By Ilan Gutherz
The Supreme Court’s decisions in United States v. Lopez and United States v. Morrison have caused legal scholars to question the enduring constitutionality of some of our nation’s key environmental laws. However, no one has yet examined the impact these decisions could have on federal proposals to address global climate change.
This Comment attempts to answer that question. Part 1 of this Comment begins by sketching the history of American involvement in combating climate change. Part I also briefly explains the three leading policy options for regulating greenhouse gases in the U.S.: "cap-and-trade," "command-and-control" regulations, and a tax on carbon.

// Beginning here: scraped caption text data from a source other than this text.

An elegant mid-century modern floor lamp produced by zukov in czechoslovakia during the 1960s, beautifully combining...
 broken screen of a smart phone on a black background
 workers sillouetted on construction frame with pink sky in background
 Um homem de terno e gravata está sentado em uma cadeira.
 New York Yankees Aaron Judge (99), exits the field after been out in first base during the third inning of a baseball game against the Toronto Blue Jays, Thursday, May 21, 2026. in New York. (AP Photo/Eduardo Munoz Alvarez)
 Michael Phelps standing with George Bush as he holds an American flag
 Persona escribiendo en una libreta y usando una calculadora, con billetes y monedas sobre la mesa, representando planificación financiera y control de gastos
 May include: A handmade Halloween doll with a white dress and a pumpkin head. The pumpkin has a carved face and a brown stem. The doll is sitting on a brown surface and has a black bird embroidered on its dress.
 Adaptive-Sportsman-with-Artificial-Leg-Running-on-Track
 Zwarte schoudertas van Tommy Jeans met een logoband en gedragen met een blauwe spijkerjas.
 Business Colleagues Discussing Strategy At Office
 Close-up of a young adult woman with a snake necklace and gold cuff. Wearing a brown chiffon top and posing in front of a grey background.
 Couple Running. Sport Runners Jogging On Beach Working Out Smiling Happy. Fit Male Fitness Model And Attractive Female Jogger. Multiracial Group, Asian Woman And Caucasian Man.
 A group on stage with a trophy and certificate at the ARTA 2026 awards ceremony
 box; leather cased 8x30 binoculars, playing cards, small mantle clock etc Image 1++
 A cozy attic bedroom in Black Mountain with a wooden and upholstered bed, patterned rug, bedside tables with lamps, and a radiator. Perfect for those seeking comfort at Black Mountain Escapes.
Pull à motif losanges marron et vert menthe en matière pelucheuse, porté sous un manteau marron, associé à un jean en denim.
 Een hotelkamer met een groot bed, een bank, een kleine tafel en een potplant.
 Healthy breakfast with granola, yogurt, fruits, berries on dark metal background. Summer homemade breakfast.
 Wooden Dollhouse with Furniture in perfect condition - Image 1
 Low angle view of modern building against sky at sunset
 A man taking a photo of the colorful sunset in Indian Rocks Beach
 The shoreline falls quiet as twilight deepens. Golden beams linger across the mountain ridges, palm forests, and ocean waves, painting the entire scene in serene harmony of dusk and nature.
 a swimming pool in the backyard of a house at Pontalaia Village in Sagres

In Part II, I discuss the significance of Lopez and Morrison to our present understanding of the Interstate Commerce Clause. In Part III, I apply the Court's current Commerce Clause framework to the leading options for limiting the emission of greenhouse gases. Part III lays out the main constitutional arguments against and in favor of these options, and draws on proposed legislation and Environmental Protection Agency (EPA) regulations for examples. In Part IV, I conclude that the Court's current approach to the Commerce Clause raises the possibility that comprehensive greenhouse gas regulations could be ruled unconstitutional, and that the answer will ultimately depend on how the Court characterizes the challenged law. I also offer a series of recommendations that will improve the chances that a greenhouse gas regulatory system will withstand constitutional scrutiny, even under the Court's post-Lopez Commerce Clause jurisprudence.